E-commerce > Jason Kottke Ends Blog Sponsorship Experiment

A year ago Jason Kottke embarked on a plan to blog full time, or as he put it, to "revisit the idea of arts patronage in the context of the internet." That plan ended last week. Jason has stopped taking donations. Some people are disappointed with what they got for their money. Via Brittney.

I join the chorus of people saying that he really didn't live up to his end of the bargain after collecting the money. He took a ton of time off and, even accounting for all his vacations and personal life stuff, he appeared to put almost no time into the site. I can't believe that the sparse assortment of links and analysis he had could have taken more than an hour or two a day.

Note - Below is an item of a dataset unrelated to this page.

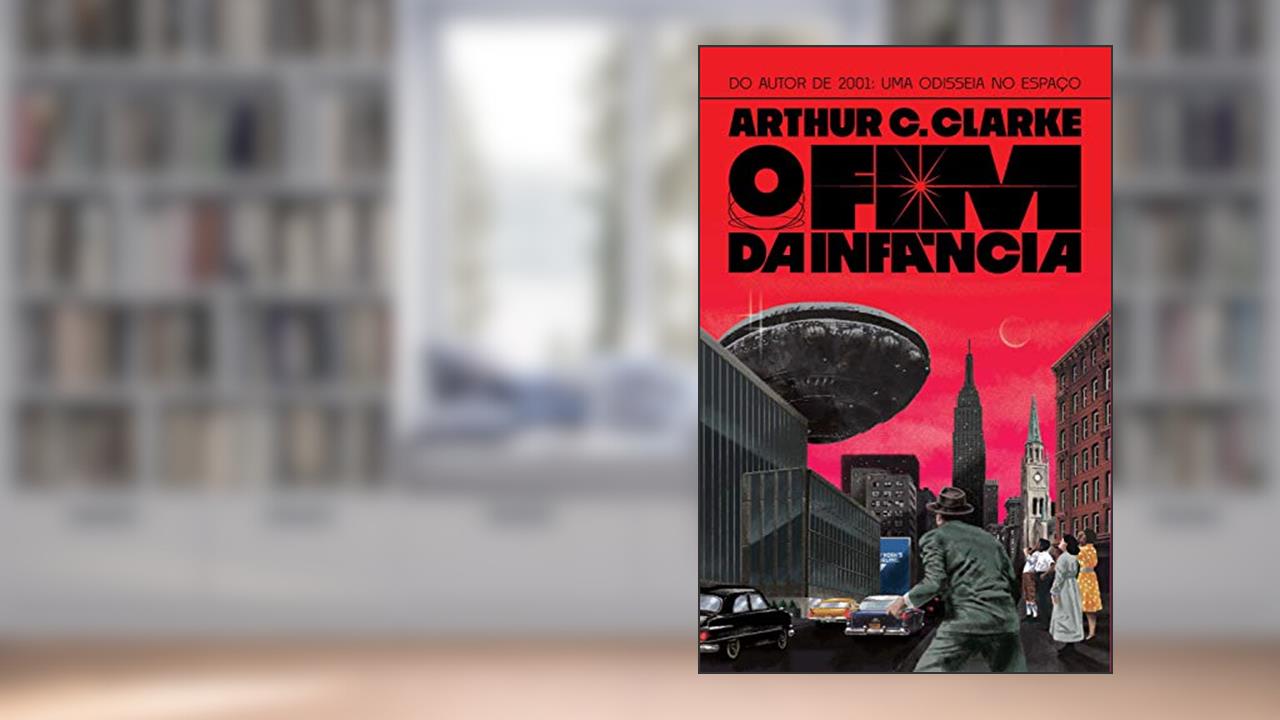 Capa de O Fim da Infância, do autor Arthur C. Clarke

This is reminding a lot of people of Andrew Sullivan's fund drives. Sullivan used to have fundraisers and would raise as much as $80,000. The nanosecond his fundraiser was over he'd take a two week vacation to rent a hotel suite and roll around naked in the piles of money, which ensured that anyone who donated felt like a chump. (I donated once, and I certainly felt like a chump.) Imagine giving money to PBS during pledge week and then tuning to your PBS station to find dead air for several weeks afterwards. (Sullivan now blogs for Time magazine and no longer has fund drives.)

Part of Kottke's problem may be that he over-promised. I read his proposal last year, and it honestly sounded revolutionary, like a new approach to blog journalism.

The goal is to use the increased level of focus and time to create a (much) better site. More time means there will be more content of a greater variety. Some days, that may mean more posts and more links. I'll be able to go to more (hopefully interesting) events in NYC (&elsewhere) and write about them. I'll have time do the occasional bit of real journalism, collaborate on neat projects like Dropcash, and do larger projects that require longer time scales to finish...dare I hint at a return to more 0sil8-like projects? (I dare.) And there are opportunities that I'm sure will present themselves as I settle into the luxuriant folds of full-timeness.

Kottke called his contributors "micropatron," which sounds like someone who made a micropayment - typically defined as a couple of cents, but that wasn't the reality

I didn't donate, but I do like reading Kottke. The only thing that rubbed me funny about this micropatron idea was the word "micropatron". I mean, the suggested "micropayment" was $30-- a subscription to Salon or Nerve or any number of other pay sites, magazines, etc. costs about that much, or often less than that. Something about using "micropatron" over "subscriber" seemed a bit misleading. But, he had the idea and the readership to pull it off, so more power to him.

I don't consider $30 - or even $10 - a micropayment.

I think giving money to bloggers you like is a good thing. I think it's probably a bad thing for the blogger to ask for a carte blanche sponsorship. A better idea might be to ask for sponsorships for specific goals, like covering the travel costs for a specific trip. That makes it easier for the blogger and his readers to know exactly what's being promised and what's going to be delivered.